Na verdade, como muito bem salienta a Fazenda Pública nas suas conclusões os factos constantes, nomeadamente, dos pontos C, J, K do probatório consubstanciam, sem dúvida, verdadeiros actos de gestão, da devedora originária, vinculando-a perante terceiros.
Resulta, ainda, da prova testemunhal que o nome do recorrido constava da ficha de assinaturas da conta bancária da devedora originária e que assinava cheques.
Aliás, como o próprio presidente do Conselho de Administração Eng.
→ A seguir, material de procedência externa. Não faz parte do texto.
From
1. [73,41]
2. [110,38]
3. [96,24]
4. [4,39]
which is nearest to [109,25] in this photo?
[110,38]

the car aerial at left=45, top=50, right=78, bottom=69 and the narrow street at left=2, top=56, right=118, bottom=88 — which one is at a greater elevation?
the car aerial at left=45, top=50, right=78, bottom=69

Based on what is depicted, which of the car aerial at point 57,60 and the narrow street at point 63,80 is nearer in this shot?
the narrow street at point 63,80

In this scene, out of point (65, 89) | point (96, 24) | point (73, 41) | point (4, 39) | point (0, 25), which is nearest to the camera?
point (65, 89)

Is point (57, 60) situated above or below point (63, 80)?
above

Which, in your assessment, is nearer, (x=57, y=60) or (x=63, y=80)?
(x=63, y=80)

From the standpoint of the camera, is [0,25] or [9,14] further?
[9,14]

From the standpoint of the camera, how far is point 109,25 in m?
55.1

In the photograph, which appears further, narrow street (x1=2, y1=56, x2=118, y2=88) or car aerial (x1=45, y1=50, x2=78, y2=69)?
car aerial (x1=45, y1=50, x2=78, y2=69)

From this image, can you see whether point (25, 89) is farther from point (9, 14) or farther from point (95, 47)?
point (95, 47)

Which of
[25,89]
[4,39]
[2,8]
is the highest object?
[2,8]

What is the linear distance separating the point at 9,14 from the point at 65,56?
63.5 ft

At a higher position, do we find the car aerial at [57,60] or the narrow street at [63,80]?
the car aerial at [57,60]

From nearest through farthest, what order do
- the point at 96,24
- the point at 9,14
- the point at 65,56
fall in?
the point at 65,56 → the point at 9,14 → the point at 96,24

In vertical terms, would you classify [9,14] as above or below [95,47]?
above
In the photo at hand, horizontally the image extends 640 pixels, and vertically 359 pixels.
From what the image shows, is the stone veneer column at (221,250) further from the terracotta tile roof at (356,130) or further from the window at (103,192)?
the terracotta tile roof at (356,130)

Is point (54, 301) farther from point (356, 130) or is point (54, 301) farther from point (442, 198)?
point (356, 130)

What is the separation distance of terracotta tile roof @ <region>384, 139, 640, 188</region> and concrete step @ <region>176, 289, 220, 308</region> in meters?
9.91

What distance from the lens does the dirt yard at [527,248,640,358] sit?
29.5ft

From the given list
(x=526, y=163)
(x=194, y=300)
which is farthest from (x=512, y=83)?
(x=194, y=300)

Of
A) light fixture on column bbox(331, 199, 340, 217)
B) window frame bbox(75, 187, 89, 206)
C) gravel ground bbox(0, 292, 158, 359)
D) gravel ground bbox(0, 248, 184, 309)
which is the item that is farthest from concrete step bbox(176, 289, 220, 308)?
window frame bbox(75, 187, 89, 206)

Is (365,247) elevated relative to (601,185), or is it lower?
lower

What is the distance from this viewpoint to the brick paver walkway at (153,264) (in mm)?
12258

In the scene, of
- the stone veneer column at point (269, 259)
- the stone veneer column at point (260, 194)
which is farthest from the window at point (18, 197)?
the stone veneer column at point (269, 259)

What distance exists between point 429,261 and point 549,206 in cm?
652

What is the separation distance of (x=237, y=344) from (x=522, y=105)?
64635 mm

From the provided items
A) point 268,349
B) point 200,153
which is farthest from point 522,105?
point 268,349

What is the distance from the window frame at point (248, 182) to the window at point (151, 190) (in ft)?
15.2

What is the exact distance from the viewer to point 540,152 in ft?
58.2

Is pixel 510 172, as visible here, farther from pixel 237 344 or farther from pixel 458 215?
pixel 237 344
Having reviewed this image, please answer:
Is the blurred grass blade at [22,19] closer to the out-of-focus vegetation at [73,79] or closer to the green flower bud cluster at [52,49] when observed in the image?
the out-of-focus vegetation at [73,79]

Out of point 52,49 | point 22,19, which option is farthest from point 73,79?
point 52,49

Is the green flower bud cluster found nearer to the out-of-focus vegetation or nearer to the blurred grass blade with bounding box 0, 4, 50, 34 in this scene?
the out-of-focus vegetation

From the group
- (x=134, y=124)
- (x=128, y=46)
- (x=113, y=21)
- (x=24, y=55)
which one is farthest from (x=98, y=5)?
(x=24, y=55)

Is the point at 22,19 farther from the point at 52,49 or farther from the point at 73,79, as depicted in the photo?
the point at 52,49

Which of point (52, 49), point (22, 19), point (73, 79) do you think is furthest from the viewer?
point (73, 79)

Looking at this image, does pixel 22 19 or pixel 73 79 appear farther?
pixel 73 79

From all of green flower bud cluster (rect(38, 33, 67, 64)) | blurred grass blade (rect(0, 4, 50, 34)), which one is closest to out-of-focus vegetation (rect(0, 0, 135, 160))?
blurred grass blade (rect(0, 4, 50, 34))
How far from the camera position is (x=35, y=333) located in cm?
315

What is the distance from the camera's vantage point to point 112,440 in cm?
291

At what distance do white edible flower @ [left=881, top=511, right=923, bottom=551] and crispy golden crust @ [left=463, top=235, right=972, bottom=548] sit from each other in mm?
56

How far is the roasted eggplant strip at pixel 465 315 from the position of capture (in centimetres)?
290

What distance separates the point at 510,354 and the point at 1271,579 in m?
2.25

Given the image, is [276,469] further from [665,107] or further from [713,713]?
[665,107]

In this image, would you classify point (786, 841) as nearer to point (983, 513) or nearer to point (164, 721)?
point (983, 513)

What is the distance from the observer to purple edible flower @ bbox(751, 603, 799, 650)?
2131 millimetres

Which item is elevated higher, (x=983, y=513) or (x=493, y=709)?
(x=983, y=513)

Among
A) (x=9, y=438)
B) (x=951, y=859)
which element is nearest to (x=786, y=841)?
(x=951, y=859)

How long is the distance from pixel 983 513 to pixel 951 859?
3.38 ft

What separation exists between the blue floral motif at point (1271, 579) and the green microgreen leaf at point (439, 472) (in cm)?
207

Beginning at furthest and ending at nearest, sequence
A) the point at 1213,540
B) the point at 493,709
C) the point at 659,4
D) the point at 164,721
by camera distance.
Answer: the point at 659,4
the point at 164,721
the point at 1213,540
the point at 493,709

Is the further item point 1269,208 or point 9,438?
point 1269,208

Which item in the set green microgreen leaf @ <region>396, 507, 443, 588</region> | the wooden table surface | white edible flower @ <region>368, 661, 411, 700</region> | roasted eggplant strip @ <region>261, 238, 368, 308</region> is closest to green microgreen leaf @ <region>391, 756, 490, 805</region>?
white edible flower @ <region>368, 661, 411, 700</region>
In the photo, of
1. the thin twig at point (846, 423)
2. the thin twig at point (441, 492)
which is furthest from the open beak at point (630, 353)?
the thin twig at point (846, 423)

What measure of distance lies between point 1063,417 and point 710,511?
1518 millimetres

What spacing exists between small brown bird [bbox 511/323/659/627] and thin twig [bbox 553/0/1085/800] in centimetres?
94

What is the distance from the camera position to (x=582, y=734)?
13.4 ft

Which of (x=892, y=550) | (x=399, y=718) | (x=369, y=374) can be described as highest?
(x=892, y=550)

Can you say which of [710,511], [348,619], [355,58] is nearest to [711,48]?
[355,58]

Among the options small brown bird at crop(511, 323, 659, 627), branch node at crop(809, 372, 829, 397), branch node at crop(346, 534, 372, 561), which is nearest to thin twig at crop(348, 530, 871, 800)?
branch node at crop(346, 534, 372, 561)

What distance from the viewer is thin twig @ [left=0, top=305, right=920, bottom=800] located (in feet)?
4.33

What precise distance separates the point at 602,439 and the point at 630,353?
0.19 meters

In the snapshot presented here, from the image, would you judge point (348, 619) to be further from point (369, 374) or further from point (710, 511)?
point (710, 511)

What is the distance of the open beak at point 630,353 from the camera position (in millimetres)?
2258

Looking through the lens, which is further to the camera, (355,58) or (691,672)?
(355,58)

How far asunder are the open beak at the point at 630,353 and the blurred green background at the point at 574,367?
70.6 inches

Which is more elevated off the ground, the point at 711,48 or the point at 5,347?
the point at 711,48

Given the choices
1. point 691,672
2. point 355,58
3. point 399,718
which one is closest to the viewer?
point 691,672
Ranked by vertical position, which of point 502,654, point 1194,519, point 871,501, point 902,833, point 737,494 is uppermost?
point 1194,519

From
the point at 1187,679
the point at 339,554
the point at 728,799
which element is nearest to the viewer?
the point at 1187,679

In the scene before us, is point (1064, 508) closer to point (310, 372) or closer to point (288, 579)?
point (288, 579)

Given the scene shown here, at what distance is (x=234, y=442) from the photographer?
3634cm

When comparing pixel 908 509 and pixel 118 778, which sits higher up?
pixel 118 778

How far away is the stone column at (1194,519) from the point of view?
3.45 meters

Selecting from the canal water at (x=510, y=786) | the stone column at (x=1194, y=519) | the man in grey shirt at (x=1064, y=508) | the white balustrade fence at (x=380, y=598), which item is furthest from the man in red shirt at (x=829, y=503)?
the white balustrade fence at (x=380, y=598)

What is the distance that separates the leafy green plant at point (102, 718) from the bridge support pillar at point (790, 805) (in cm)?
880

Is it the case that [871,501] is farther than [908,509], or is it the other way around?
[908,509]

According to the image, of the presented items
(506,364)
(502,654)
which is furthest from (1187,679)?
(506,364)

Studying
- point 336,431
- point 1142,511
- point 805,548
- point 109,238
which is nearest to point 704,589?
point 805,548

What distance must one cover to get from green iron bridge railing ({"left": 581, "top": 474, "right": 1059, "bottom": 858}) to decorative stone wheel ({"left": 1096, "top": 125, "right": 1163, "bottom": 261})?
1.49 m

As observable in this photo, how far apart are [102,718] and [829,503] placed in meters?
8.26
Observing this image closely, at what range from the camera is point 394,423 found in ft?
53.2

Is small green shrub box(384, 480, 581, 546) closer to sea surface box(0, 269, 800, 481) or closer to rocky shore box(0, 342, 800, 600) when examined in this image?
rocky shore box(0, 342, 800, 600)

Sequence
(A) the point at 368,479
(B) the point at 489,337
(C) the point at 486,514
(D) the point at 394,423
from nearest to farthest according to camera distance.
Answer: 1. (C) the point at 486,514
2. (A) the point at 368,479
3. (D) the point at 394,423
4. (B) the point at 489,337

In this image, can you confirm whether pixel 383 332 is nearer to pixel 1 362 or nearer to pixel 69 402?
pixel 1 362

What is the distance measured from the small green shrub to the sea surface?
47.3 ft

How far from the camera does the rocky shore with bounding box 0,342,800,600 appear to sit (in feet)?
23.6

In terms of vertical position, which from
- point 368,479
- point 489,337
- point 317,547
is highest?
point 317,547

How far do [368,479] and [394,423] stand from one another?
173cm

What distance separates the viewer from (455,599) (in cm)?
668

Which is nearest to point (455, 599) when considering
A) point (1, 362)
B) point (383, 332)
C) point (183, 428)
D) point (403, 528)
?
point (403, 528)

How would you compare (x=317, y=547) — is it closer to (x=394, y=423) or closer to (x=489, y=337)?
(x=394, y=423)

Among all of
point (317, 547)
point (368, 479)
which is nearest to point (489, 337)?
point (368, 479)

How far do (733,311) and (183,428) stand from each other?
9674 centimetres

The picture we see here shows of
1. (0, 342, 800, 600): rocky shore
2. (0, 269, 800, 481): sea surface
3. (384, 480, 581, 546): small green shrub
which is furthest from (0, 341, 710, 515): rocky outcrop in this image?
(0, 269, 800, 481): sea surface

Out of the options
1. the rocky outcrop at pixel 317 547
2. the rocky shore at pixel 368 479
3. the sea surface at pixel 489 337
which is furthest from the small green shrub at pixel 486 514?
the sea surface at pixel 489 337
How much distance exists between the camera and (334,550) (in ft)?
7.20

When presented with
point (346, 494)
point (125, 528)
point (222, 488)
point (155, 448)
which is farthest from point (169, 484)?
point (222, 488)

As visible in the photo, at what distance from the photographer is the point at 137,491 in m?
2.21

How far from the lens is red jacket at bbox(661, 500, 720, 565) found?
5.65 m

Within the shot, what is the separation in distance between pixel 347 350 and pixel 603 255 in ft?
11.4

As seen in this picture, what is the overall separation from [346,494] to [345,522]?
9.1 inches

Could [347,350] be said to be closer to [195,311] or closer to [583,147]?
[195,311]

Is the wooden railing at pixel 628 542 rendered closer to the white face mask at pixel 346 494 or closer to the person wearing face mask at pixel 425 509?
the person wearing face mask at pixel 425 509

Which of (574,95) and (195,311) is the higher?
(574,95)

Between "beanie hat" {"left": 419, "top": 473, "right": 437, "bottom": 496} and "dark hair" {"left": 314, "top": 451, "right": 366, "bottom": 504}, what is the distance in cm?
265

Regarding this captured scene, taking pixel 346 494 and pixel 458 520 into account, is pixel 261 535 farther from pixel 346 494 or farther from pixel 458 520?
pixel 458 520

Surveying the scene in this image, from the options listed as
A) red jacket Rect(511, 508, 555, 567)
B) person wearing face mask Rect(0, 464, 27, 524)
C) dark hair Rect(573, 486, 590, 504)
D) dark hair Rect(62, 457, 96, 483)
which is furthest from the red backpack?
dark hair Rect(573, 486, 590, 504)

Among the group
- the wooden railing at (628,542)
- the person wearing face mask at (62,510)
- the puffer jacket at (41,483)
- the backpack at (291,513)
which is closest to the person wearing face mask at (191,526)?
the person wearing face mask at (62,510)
F....., referiu passava 80% do seu tempo em viagens., portanto fora da empresa.

O facto do recorrido e restantes administradores se subordinarem às deliberações do referido presidente do conselho de administração, accionista maioritário, vulgo «patrão», administrando a empresa de acordo com as suas indicações», a nosso e ver e salvo melhor juízo, não obsta à qualificação dos actos praticados pelo recorrido com verdadeiros actos de gestão, que vinculam, seguramente, a devedora originária, como
muito doutamente sustenta a Fazenda Pública.
E não se venha dizer que o recorrido não passaria de um «testa de ferro» do alegado presidente do conselho de administração, pois como este referiu no seu depoimento, apenas passava cerca de 20% do seu tempo útil na empresa, sendo certo que o recorrido e os outros administradores, embora de acordo com as orientações daquele sempre asseguraram a gestão efectiva da empresa
Mas, para que o recorrido possa ser responsabilizado pelo pagamento da dívida exequenda não basta o mero exercício efectivo da gestão da devedora originária.
De facto, atento o artigo 24.º da LGT, impunha-se que a AT provasse que foi por culpa do recorrido que o património da empresa se tornou insuficiente e que esteve génese do não pagamento do tributo, ónus quem manifestamente, não cumpriu.
È certo que, tendo o prazo de pagamento voluntário do tributo exequendo terminado no período de administração do recorrido a falta de pagamento da obrigação exequenda, em princípio, ser-lhe-ia imputável.
Sucede que, de acordo com a prova produzida, embora o recorrido, em nosso entendimento, tivesse exercido a gerência efectiva da devedora originária, a verdade é que essa gestão era superiormente orientada pelo presidente do conselho de administração, pelo que a falta de pagamento do tributo só a ele poderá ser imputável.
Assim sendo, o recorrido não é parte legítima na execução, uma vez que embora tendo exercido a gerência de facto da devedora originária não pode ser responsabilizado pelo pagamento das dívidas pois que não esta demonstrado que tenha contribuído para a situação de insuficiência patrimonial que esteve na génese do não pagamento da dívida exequenda nem lhe pode ser imputável a falta de pagamento do tributo.
Termos em que deve ser negado provimento ao recurso, mantendo-se a sentença recorrida que julgou improcedente a oposição por ilegitimidade, embora por razões diferentes e atrás explanadas.
_________________
(1) Acórdão do STA, de 2 de Outubro de 1996, recurso n.º 2021, publicado em Apêndice ao DR, de 28 de Dezembro de 1998, página 2.665
(2) Acórdão do STA, de 24 de Abril de 1990, recurso n.º 12124, publicado em AD, 33º-863
(3) Acórdão do Pleno da 2.ª secção do STA, de 9 de Julho de 1997, recurso n.º 19066, publicado em Apêndice ao DR, de 28 de Março de 2000, página 109 e do STA, de 28 de Novembro de 1990, publicado em RLJ, 125º-46, com anotação concordante do Professor Teixeira Ribeiro.
(4) Acórdãos do STA, de 2 de Julho de 1997 e 6 de Maio de 1999, recursos nºs 21.399 e 20.653, respectivamente, disponíveis no sítio da INTERNET www.dgsi.pt.
(5) Acórdão do Pleno da secção do CT do STA, de 2007.02.28, proferido no recurso n.º 01132/06, disponível no sítio da internet www.dgis.pt.
(6) Acórdão do STA, de 2009.03.11, proferido no recurso n.º 045/2009, disponível no sítio da internet www.dgsi.pt.